## HOW TO COMPLETE THIS TASK
Starting at the line with "As part of the" and stopping at the final line, retype the data below exactly; do not carry over any pictures.

## EXERCISE DATA
+-------+

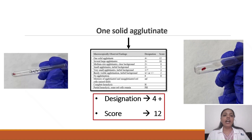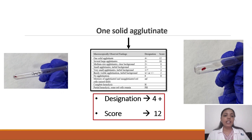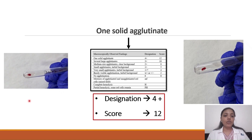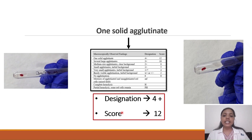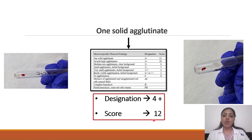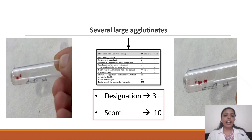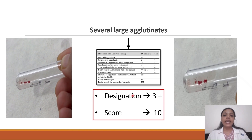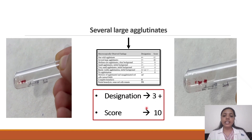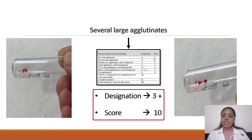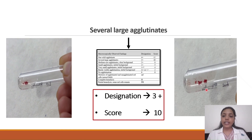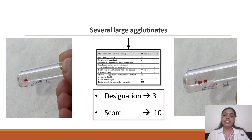In this image there is only one solid agglutinate present, hence the designation given is 4+ and the score is 12. Moving on, when there are several large agglutinates present, it is designated as 3+ and the score is 10.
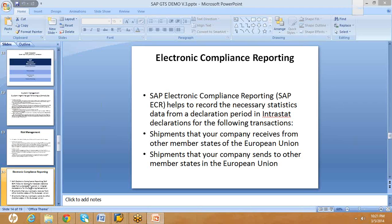As part of the electronic compliance report, you can send all the shipments your company receives from a given country, and you can also find out the shipments you sent to that country. Once you have that data, you can declare intrastate declarations, which are statistical declarations. This process is especially relevant for the European Union and is not necessary for all other countries.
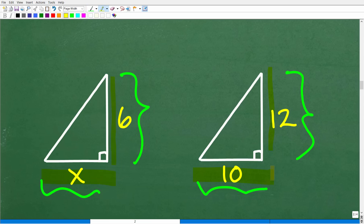So we need to set up a proportion, and we can easily solve for X.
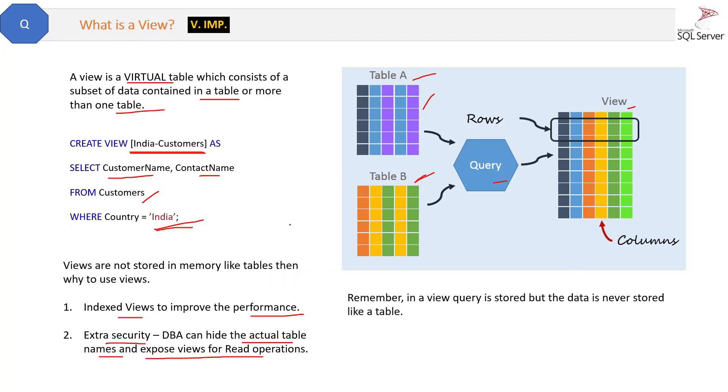Let me give you an example. For example, there is a table whose data must not be updated by developers. Developers can only get data from that table. Now you want to hide that table name from even the developers because that is a very secure table. You cannot expose its name.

+-------+

## WRITTEN RESPONSE
As part of the electronic compliance report, you can send all the shipments your company receives from a given country, and you can also find out the shipments you sent to that country. Once you have that data, you can declare intrastate declarations, which are statistical declarations. This process is especially relevant for the European Union and is not necessary for all other countries.
So we need to set up a proportion, and we can easily solve for X.
Let me give you an example. For example, there is a table whose data must not be updated by developers. Developers can only get data from that table. Now you want to hide that table name from even the developers because that is a very secure table. You cannot expose its name.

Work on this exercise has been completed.